ACTIVITY: Take the lines below from the one with "Pre Owned Chanel" through the one with "Western Wide Brim" and retype them exactly. Include nothing else, and no pictures.
[Start of section]
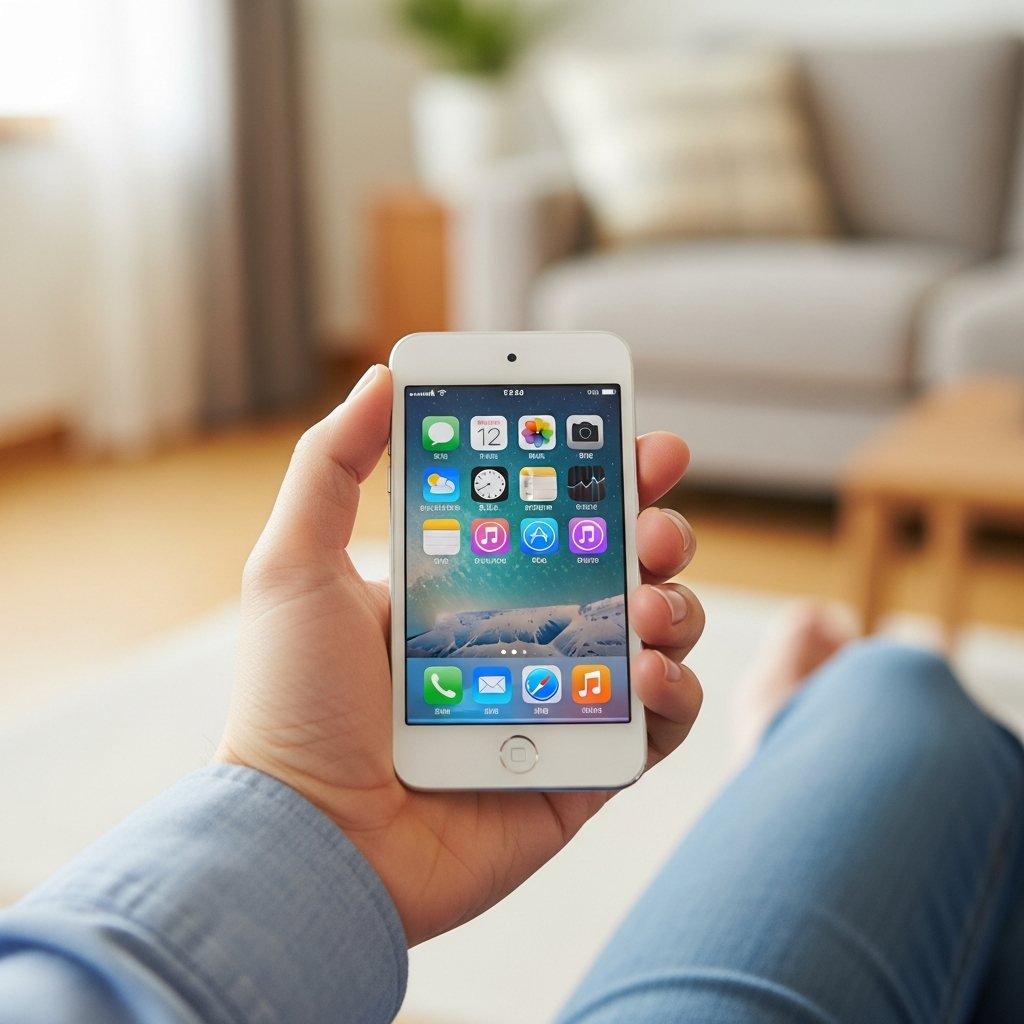 A close-up lifestyle photograph of a person's hand holding an original iPod touch. The screen shows a vibrant interface, and the background is a softly blurred, warm-toned living room. Bright, natural lighting, centered focus. No visible text on the device or in the image. Korean appearance.
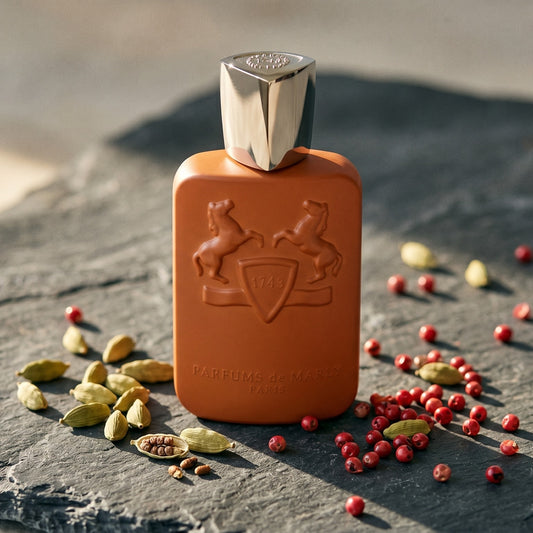 Parfums de Marly Althair EDP on charcoal-toned marble with ground turmeric in a brass spoon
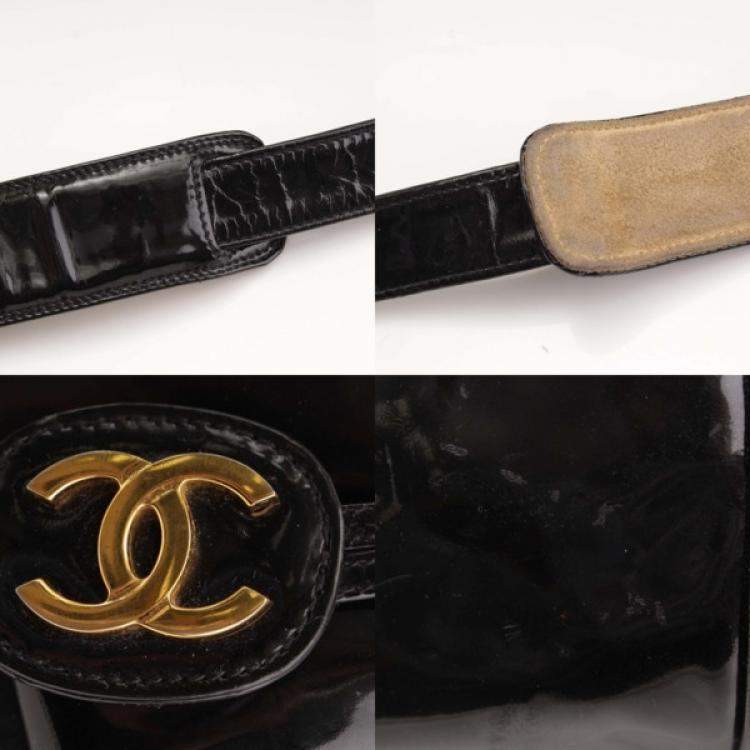 Pre Owned Chanel Black Patent Leather Vintage CC Boston Bag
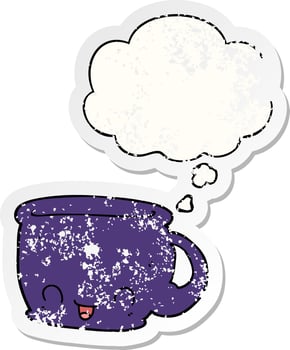 cartoon cup of coffee and thought bubble as a distressed worn sticker vector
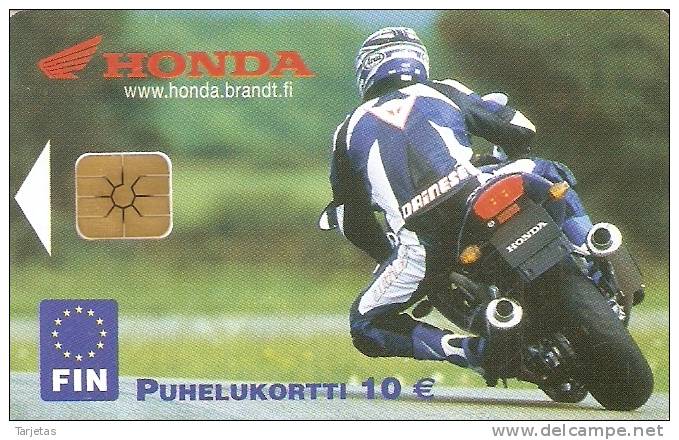 TARJETA DE FINLANDIA DE UNA MOTO HONDA (MOTO-MOTORBIKE) - Motos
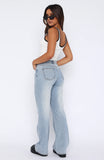 Desire Mid Rise Straight Leg Jeans Light Blue Wash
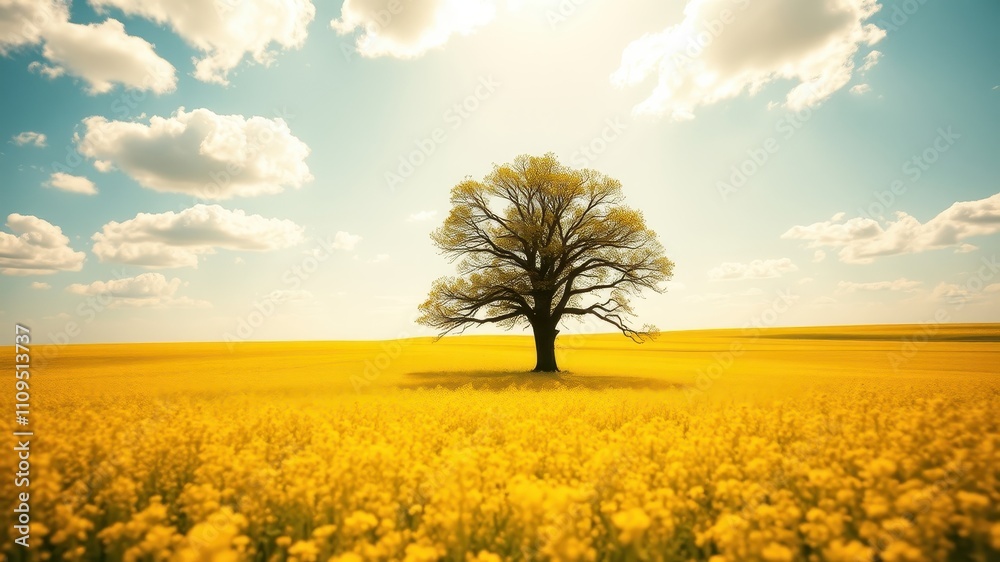 Obraz premium A solitary tree stands tall in a field of vibrant yellow wildflowers, a picturesque landscape bathed in the warm glow of the sun.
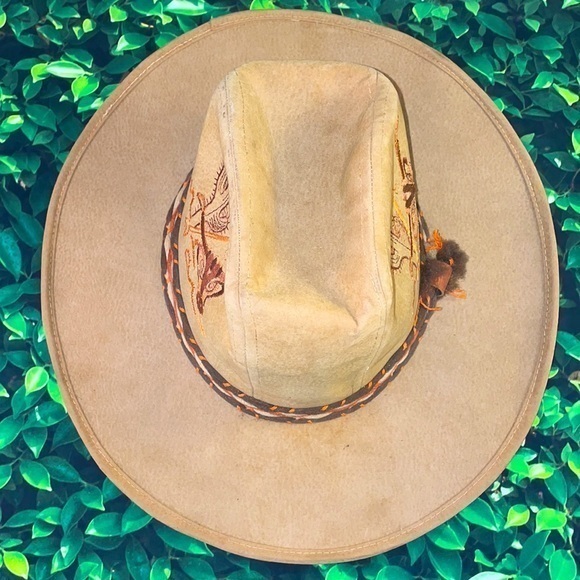 Western Wide Brim Embroidered Cowboy Fedora Hat - Picture 9 of 16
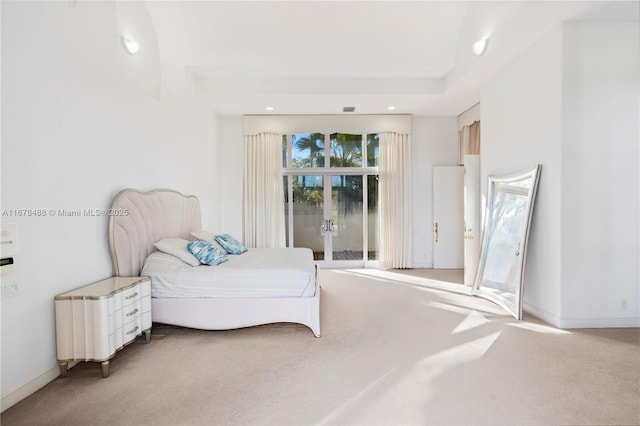 carpeted bedroom with recessed lighting and baseboards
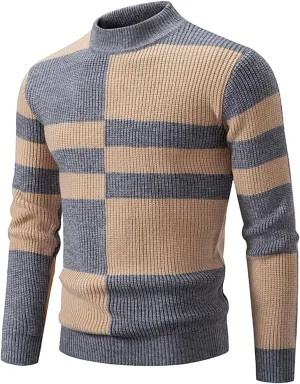 Mens Casual Turtleneck Sweaters Plus Size Trendy Colorblock Knitted Pullover Jumpers Fall Winter Warm Knitwear Tops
[End of section]
SOLUTION:
 Pre Owned Chanel Black Patent Leather Vintage CC Boston Bag
 cartoon cup of coffee and thought bubble as a distressed worn sticker vector
 TARJETA DE FINLANDIA DE UNA MOTO HONDA (MOTO-MOTORBIKE) - Motos
 Desire Mid Rise Straight Leg Jeans Light Blue Wash
 Obraz premium A solitary tree stands tall in a field of vibrant yellow wildflowers, a picturesque landscape bathed in the warm glow of the sun.
 Western Wide Brim Embroidered Cowboy Fedora Hat - Picture 9 of 16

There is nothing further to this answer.